Published: June 17, 2007

 

HEADING east along Second Place toward the Carroll Street subway stop in Carroll Gardens, Brooklyn, morning commuters walk under a canopy of trees and past a series of compact, ornate front yards, full of lawn furniture and graced with a fish pond, a fountain or similar touches. Then, at the end of the block, just outside the station’s entrance on Smith Street, the commuters do something unusual: they stop, turn and gaze to the south.

 

They are peering not at the gridlocked trucks on the Gowanus Expressway or the distant tower of the Verrazano-Narrows Bridge, but, a little closer, at the tar-papered hulk that is the elevated station one stop away, at Smith and Ninth Streets.

 

After that stop, Manhattan-bound trains head underground on their way to Carroll Street, where canny neighborhood riders know they can wait just outside their station in the daylight until they see the elevated train approaching, then rush underground to the subway platform at the last minute, avoiding a long, dark wait downstairs. This has been the ritual for years, and practiced commuters time their newspaper-reading and cellphone conversations to the approaching trains, and know how to tell between a G and an F train in the distance. (The G has only four cars.)

 

Like many simple pleasures in New York, the sunny wait for a train may soon be endangered by the arrival of a new building. Several months ago, a developer named Billy Stein and an architect named Robert Scarano sought permission from the city to build an eight-story residential building that could cover up the train watchers’ plaza, as well as tower over the brownstones that predominate in the area.

 

After local residents complained about the plan, the builders proposed a height of only six stories. Members of the Carroll Gardens Neighborhood Association said at a meeting on Monday that Mr. Stein and Mr. Scarano had recently shown them new drawings of the six-story building, with 46 units, a floor of parking spaces, and a terra cotta facade.

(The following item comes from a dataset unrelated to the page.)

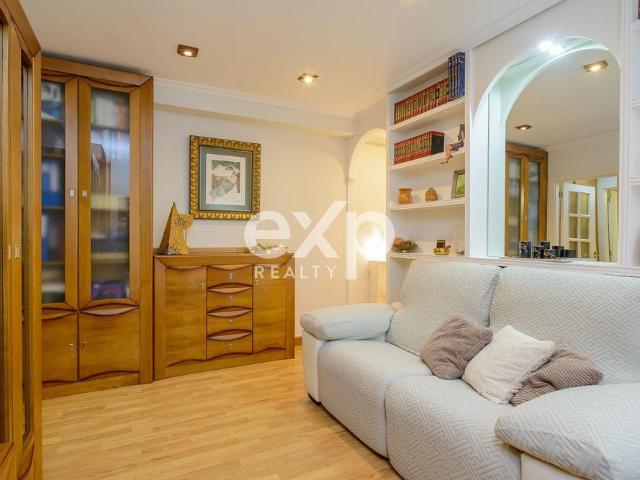 Piso de alquiler en Calle Sabino Álvarez Gendín – Oviedo | 650 €/mes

But the fate of the plaza — if such an exalted term can be applied to a few hundred square feet of concrete with a newsstand and a few trees poking through — remained unclear. The only sketch released showed the plaza gone, but Mr. Stein did not return two calls to his office in Nassau County, and a secretary at Mr. Scarano’s office said he had no comment.

 

The Smith Street building is allowed by right under existing zoning rules, but some residents at the Monday meeting advocated downzoning and landmark protection to prevent similar future developments. City Councilman Bill de Blasio, who said he supported both ideas, also vowed to keep pressure on Mr. Stein. A week earlier, Mr. de Blasio led a rally in the plaza against the Smith Street project.

 

Outside the station entrance one recent day, toward the tail end of morning rush, all the commotion of recent weeks seemed far away. A light breeze blew, birds sang in the trees, and even the car repair shop across the street was quiet. William Hooks, who lives a short way down Smith Street, strolled up in sunglasses and a yellow T-shirt, smoking a cigarette as he does every morning on his way to the station after finishing his coffee.

 

“Usually the train’s coming right when I’m down to my last two puffs,” said Mr. Hooks, a 29-year-old art director who works at Entertainment Weekly magazine. “It’s funny, it’s very scientific.”

 

People are more relaxed and a little friendlier standing in the daylight than they are underground, he said; they chat about the weather or the previous night’s baseball game.

 

Another commuter in the plaza, Robin Davis, described the wait outside as one of the charming aspects of local life, and one that takes new residents a little while to discover. When Ms. Davis’s fiancé moved in with her, she said, it took him a while to figure out what everyone in the plaza was staring off at.

 

“I think he thought we were praying to some god or something,” she said.